As a postscript, an irate Pancho Villa turned against Wilson, and on March 9, 1916, led a fifteen-hundred-man force across the border into New Mexico, where they attacked and burned the town of Columbus. Over one hundred people died in the attack, seventeen of them American. Wilson responded by sending General John Pershing into Mexico to capture Villa and return him to the United States for trial. With over eleven thousand troops at his disposal, Pershing marched three hundred miles into Mexico before an angry Carranza ordered U.S. troops to withdraw from the nation. Although reelected in 1916, Wilson reluctantly ordered the withdrawal of U.S. troops from Mexico in 1917, avoiding war with Mexico and enabling preparations for American intervention in Europe. Again, as in China, Wilson’s attempt to impose a moral foreign policy had failed in light of economic and political realities.

WAR ERUPTS IN EUROPE

When a Serbian nationalist, Gavrilo Princip, murdered the Archduke Franz Ferdinand of the Austro-Hungarian Empire on June 28, 1914, the underlying forces that led to World War I had already long been in motion and seemed, at first, to have little to do with the United States. At the time, the events that pushed Europe from ongoing tensions into war seemed very far away from U.S. interests. For nearly a century, European nations had negotiated a series of alliance treaties to secure themselves against their rivals. The two main alliances that existed in Europe before the outbreak of World War I were the Triple Entente and the Triple Alliance. The former bound France, Great Britain, and Russia into a “moral obligation” to defend each other in case of war. The latter was a stricter mutual defense alliance that included Germany, Austria-Hungary, and Italy. With the outbreak of war, these alliances transformed into the two opposing sides in the conflict. The Triple Alliance became the Central powers and added the Ottoman Empire and Bulgaria. Italy declared neutrality and eventually joined the opposing side, the Allied powers, which formed around the rump of the Triple Entente and over the course of the war added additional major countries like the United States and Japan. A series of “side treaties” likewise entangled the larger European powers to protect several smaller ones should war break out.

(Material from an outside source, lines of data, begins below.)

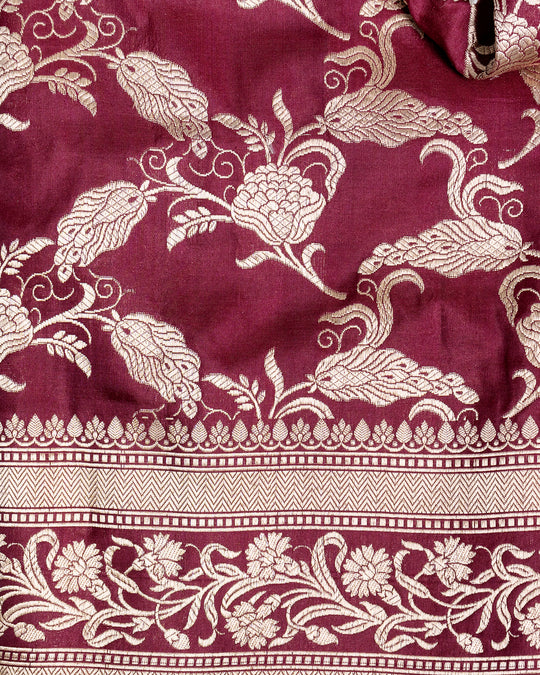 Maroon Handwoven Banarasi Katan Silk Saree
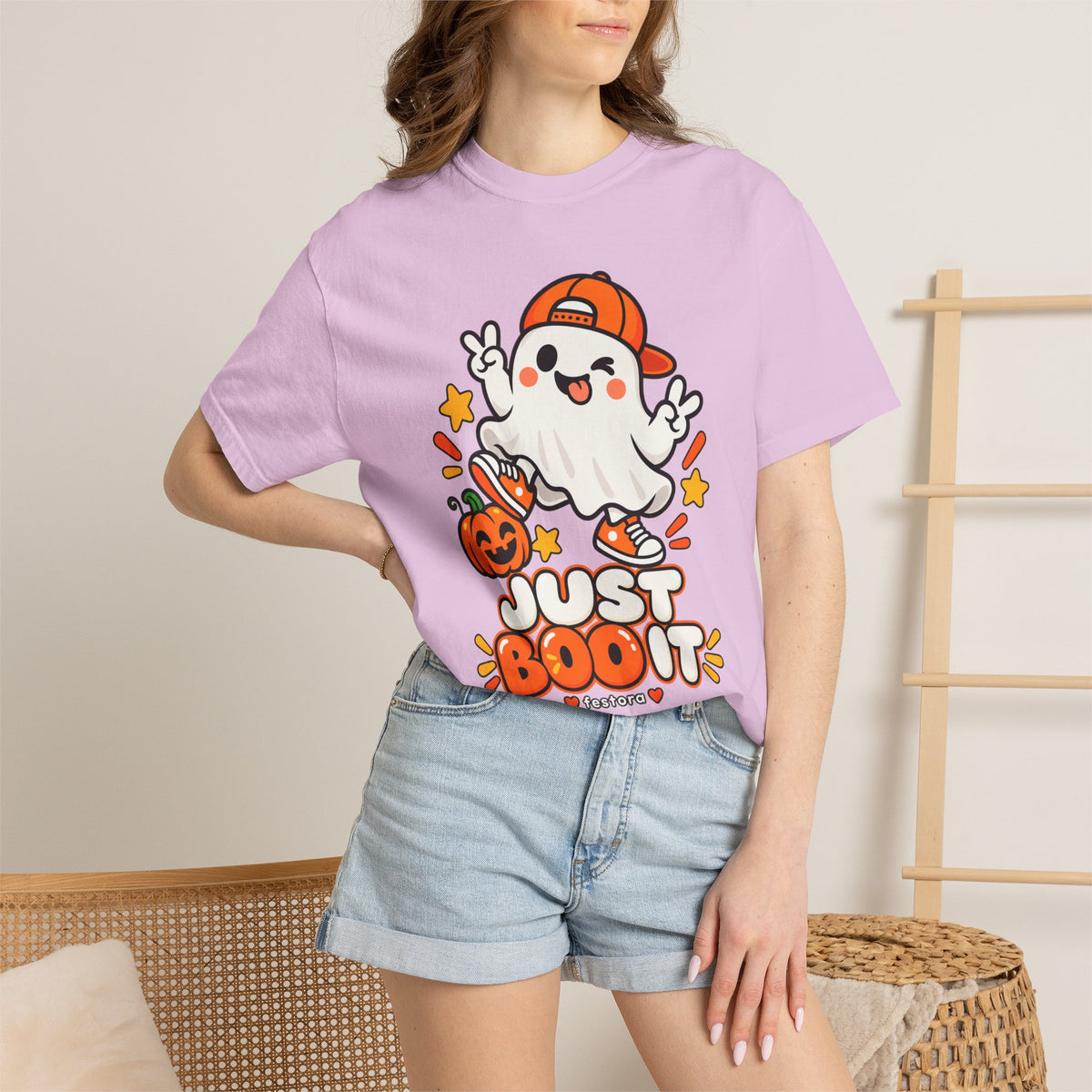 Just Boo It Halloween T-Shirt | Cute Skater Ghost Graphic Tee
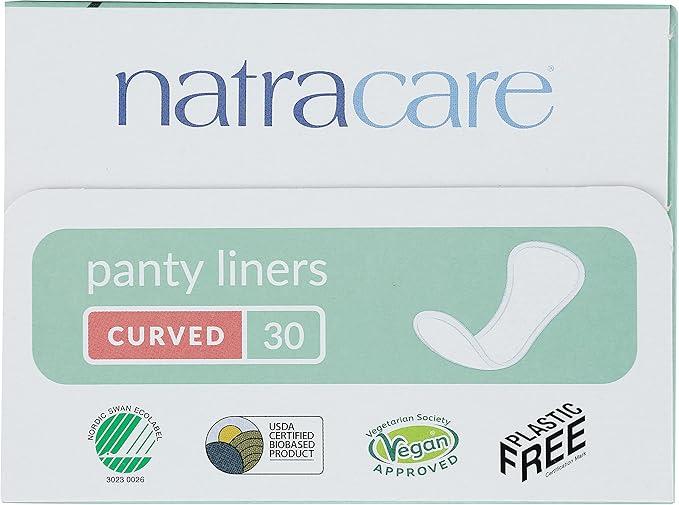 Natracare Natural Organic Cotton Curved Panty Liners for Sensitive Skin, Shaped for Extraordinary Everyday Comfort, 30 Liners Per Box (Pack of 16 Boxes, 480 Liners Total)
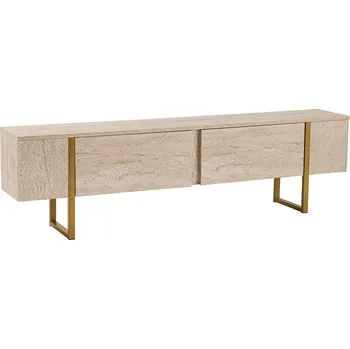 Televizní stolek Serenity TV stolek na nožičkách, traventin / zlatá
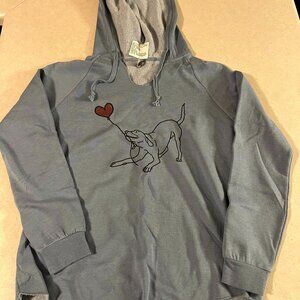 NEW INDEPENDENT TRADING COMPANY DOG LOVERS SWEATSHIRT  HOODIE WOMENS SIZE MEDIUM
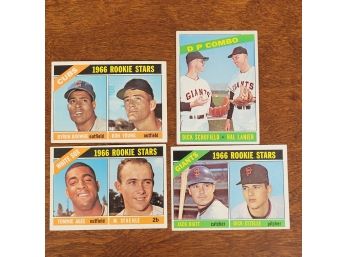 1966 Topps  #139,156,164 & 373 Rookie Stars Baseball Cards White Sox, Giants And Cubs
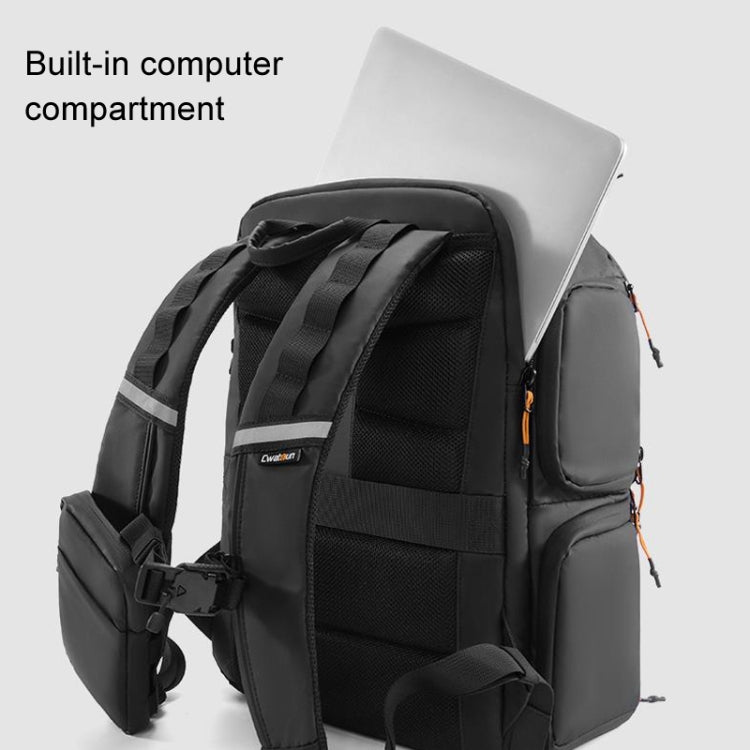 Cwatcun D132 DSLR Camera Backpack Hard-shell Crashproof Waterproof Decompression Shoulder Photo Bag, 1st Generation Large Black, 2nd Generation Large Black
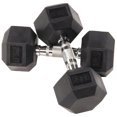 thumbnail image 1 of BalanceFrom Rubber Encased Hex Dumbbells, 25 lbs Pair, Black, 1 of 3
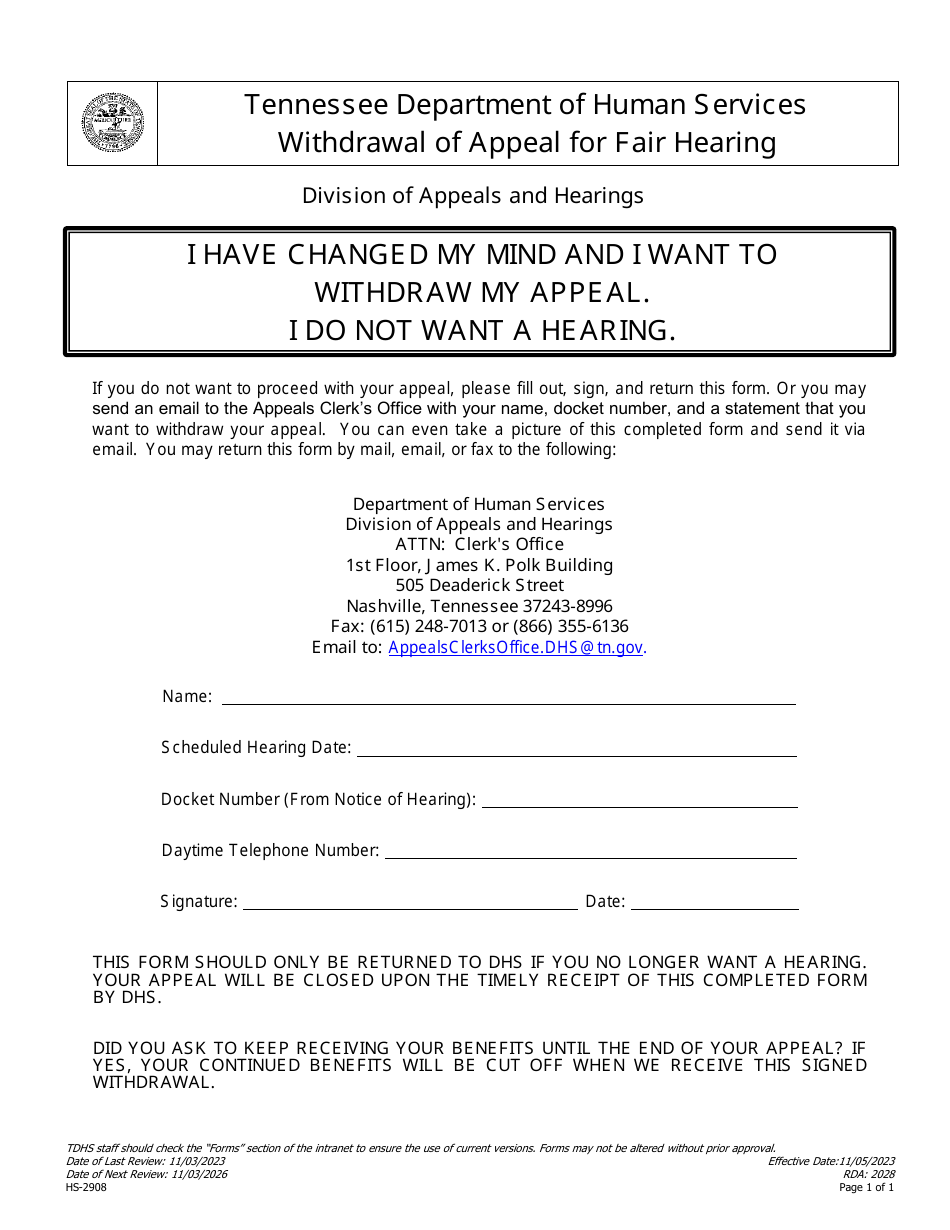 Form HS2908 Download Fillable PDF or Fill Online Withdrawal of Appeal for Fair Hearing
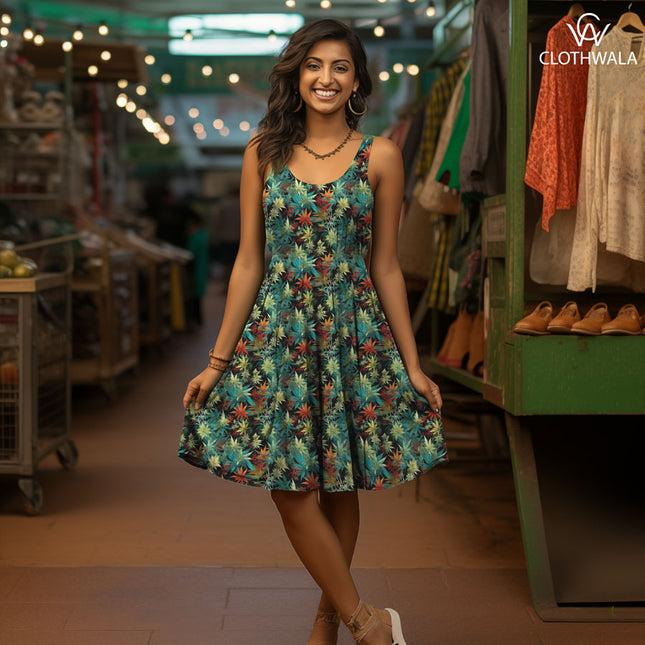 Exclusive Psychedelic Nature-Inspired. Autumn Fantasy Flower Soft Crepe Printed Fabric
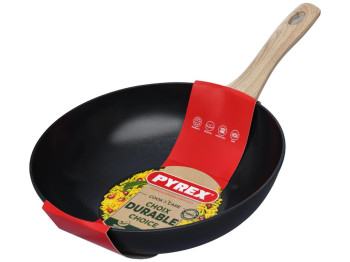 Сковорода-вок Pyrex Cook&Care, алюминий, керамическое покрытие, 28см, цвет черный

At the same time that European nations committed each other to defense pacts, they jockeyed for power over empires overseas and invested heavily in large, modern militaries. Dreams of empire and military supremacy fueled an era of nationalism that was particularly pronounced in the newer nations of Germany and Italy. Some in Serbia were also swept up in the nationalist fervor of the age and sought to extend Serbia’s territorial claims over all ethnic Serbs in southeastern Europe. In 1914, a group of these Serbian nationalist assassinated the Austro-Hungarian archduke as part of their fight to achieve this goal. After the assassination, Austria-Hungary pointed the finger at Serbia and issued a list of harsh demands. When Serbia failed to accede to Austro-Hungarian demands in the wake of the archduke’s murder, Austria-Hungary declared war on Serbia with the confidence that it had the backing of Germany. This action, in turn, brought Russia into the conflict, due to a treaty in which they had agreed to defend Serbia. Germany followed suit by declaring war on Russia, fearing that Russia and France would seize this opportunity to move on Germany if it did not take the offensive. The eventual German invasion of Belgium drew Great Britain into the war, followed by the attack of the Ottoman Empire on Russia. By the end of August 1914, it seemed as if Europe had dragged the entire world into war.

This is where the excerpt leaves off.